▶ _Work item_:
Wherever the word "Volkswagen" appears in a line of the records, copy that line.

▶ _Records contained in a dataset_:
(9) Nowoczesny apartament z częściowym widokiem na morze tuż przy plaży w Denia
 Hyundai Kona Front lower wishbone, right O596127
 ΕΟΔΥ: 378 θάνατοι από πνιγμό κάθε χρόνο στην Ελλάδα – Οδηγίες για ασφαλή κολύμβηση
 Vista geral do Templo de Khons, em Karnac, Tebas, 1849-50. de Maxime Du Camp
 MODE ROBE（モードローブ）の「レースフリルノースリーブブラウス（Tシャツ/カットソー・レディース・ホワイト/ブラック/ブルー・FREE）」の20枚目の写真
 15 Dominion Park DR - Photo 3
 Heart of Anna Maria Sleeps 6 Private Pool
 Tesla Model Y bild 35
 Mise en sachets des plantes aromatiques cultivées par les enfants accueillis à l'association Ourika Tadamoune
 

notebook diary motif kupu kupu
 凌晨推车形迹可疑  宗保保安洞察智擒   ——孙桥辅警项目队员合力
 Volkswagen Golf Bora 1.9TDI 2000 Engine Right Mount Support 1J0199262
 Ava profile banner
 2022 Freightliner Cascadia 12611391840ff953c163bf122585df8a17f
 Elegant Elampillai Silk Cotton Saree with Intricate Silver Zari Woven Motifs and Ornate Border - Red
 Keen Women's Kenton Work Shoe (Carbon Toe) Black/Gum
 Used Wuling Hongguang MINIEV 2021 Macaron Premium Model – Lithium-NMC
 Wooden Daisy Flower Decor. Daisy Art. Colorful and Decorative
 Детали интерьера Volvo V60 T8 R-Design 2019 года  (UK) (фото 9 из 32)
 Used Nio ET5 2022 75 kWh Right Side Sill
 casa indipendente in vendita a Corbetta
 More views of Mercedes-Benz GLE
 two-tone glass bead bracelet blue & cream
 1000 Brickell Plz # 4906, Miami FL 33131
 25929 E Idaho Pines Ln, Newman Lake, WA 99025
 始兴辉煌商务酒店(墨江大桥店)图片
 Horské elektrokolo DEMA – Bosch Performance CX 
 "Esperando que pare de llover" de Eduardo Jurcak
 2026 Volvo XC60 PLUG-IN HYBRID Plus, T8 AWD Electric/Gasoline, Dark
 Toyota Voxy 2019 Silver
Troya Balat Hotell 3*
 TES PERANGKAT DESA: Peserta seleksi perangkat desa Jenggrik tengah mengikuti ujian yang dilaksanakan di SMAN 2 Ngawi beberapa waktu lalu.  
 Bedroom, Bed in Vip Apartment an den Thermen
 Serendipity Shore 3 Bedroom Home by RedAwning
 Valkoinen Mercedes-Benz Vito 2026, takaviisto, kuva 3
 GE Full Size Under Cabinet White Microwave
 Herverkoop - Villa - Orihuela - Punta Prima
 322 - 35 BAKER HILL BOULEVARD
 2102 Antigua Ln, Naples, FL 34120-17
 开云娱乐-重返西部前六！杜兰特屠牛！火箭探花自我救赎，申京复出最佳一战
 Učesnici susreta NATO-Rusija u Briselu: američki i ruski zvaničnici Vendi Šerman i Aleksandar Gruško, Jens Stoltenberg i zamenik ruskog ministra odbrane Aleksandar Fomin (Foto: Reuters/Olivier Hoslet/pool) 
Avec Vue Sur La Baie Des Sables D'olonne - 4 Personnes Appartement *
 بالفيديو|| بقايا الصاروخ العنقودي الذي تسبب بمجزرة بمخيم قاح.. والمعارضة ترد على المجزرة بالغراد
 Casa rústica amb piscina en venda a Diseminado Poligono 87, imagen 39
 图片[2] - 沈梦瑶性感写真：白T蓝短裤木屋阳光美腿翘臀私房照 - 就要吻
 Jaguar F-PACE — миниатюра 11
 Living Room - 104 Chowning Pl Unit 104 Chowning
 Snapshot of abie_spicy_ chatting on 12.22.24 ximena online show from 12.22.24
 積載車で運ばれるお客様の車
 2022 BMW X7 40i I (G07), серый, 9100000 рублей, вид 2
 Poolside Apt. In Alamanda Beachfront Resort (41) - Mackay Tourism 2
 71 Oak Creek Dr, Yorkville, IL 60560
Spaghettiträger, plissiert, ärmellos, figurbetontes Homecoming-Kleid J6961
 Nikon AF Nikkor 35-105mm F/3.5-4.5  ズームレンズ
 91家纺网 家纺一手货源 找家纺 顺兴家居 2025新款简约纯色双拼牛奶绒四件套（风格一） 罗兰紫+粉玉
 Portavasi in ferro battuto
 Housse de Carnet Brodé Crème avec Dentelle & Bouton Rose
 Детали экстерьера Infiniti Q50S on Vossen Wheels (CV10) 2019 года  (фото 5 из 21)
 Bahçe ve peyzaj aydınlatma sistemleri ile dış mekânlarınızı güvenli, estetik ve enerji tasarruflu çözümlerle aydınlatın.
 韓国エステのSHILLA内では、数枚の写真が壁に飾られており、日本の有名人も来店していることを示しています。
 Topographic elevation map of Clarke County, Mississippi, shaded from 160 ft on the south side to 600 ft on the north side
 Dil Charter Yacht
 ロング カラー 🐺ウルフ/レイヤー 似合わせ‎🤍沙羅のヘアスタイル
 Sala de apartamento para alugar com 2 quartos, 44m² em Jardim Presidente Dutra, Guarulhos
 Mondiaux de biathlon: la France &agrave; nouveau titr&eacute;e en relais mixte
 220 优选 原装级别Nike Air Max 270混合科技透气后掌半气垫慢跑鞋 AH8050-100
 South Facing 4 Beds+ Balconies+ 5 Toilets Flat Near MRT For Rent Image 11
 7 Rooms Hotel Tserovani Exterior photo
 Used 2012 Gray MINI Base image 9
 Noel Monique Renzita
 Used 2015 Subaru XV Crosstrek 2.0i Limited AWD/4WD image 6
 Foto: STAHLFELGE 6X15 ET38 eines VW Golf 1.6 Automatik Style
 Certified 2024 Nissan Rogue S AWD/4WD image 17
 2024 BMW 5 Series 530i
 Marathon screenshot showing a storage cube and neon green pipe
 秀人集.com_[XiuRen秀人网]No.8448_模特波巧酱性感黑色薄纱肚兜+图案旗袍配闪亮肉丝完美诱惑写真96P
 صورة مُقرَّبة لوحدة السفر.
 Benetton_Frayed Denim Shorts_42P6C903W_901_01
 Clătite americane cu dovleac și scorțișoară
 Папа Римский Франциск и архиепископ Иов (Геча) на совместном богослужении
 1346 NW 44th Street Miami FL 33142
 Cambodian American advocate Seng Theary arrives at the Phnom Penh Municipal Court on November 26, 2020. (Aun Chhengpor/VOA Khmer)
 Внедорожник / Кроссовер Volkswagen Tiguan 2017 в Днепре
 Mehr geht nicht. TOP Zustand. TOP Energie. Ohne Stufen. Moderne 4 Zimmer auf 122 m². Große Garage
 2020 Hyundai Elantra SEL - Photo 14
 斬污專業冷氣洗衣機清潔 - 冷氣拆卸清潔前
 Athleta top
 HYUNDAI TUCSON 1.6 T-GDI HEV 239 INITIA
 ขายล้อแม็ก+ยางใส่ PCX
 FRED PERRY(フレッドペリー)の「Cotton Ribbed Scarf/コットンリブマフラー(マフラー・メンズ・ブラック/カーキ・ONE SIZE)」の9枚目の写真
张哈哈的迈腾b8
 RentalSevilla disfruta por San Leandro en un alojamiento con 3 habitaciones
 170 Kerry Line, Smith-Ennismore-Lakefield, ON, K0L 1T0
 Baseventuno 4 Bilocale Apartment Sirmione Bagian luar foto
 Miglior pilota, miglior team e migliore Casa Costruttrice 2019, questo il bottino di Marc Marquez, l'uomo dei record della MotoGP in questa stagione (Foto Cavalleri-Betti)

▶ _Response for this exercise_:
 Volkswagen Golf Bora 1.9TDI 2000 Engine Right Mount Support 1J0199262
 Внедорожник / Кроссовер Volkswagen Tiguan 2017 в Днепре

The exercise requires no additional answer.